By Mary Tracy
In 2013 David Graeber told the world what many of us secretly believed but were too afraid to admit out loud: many modern jobs appear to be bullshit because they are, in fact, bullshit.
Graeber wrote an article titled “On the Phenomenon of Bullshit Jobs” for the magazine “Strike!”, and the piece went quietly viral.
He has now expanded it into a book, bringing together economics, politics, history and personal testimonies to unravel the mystery of why so many millions of people appear to be engaged in pointless, meaningless activity for a living, while society watches idly by without either stopping it or acknowledging it.
In 2015, YouGov conducted a poll using language taken from the essay, and asked people “does your job make a meaningful contribution to the world”; 37 per cent said no. In another poll, taken this time in Holland, 40 per cent of Dutch workers reported that their jobs had no reason to exist.
Graeber’s argument is that automation has already happened, but instead of freeing us from the tyranny of the 40 hour work week, we have invented a whole crop of pointless occupations that are at best unnecessary and at worst pernicious.
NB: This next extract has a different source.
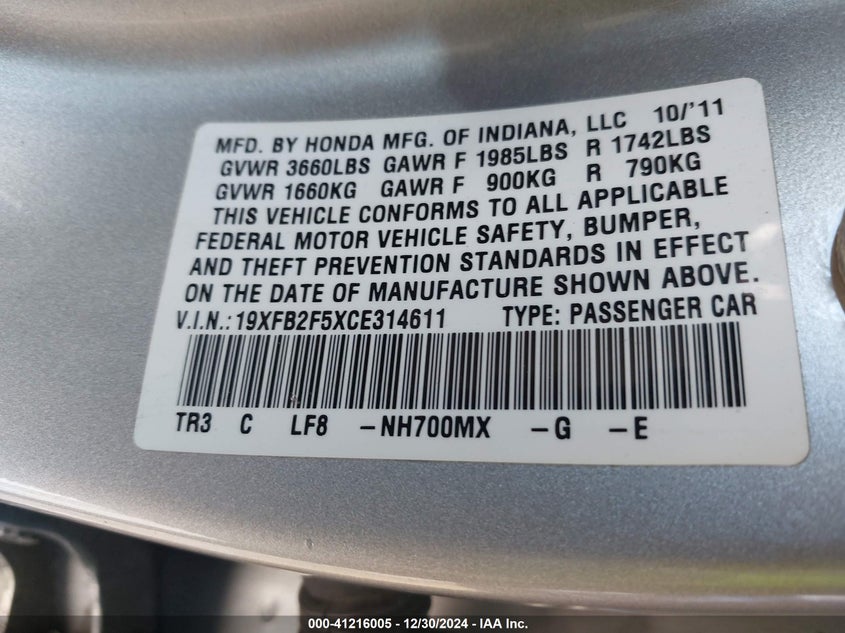 2012 HONDA CIVIC VIN: 19XFB2F5XCE314611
What is a Bullshit Job? A job you secretly believe to be pointless and meaningless.
What could be the point of pointless jobs? This is what Graeber seeks to find out with this book. The point of pointless jobs is that they are politically useful.
It took a radical anarchist of academic pedigree from a working class background to blow the proverbial whistle on the fact that many well paid jobs are either pointless or actively harmless.
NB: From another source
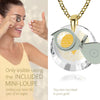 Girl looking thru magnifying glass 24k gold inscribed nanostyle necklace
“Economies around the world have, increasingly, become vast engines for producing nonsense”.
One question will plague the reader, from the very beginning of the book until the very end: how can these jobs exist? Aren’t they a waste of money?
Here is the core argument of the book: we are no longer living under “Capitalism“. We are living under a system Graeber calls “Managerial Feudalism”, where most of the money comes from either “rents” or “debt”, precisely like in the days of feudalism proper. In other words, the “FIRE” sector: finance, insurance, real estate.
We are used to thinking about the economy as “production”, that is, making things. But under this “Managerial Feudalism”, the money flows to the elites, the owners, regardless of what workers do. And so “doing” becomes less important.
What, then, to do with all that money, but buy a whole cohort of people who will be kept in comfort and security and who, in exchange, will swear loyalty to the system, to feudalism; people whose wealth and status prove, by definition, that the system “works”, that some get to do very nicely indeed.
To put it in simple terms: the economy is no longer run by the “making of things” but by the “stealing of money”, and so large chunks of people are employed in the stealing of said money (jobs) and in the pretending that they aren’t (bullshit).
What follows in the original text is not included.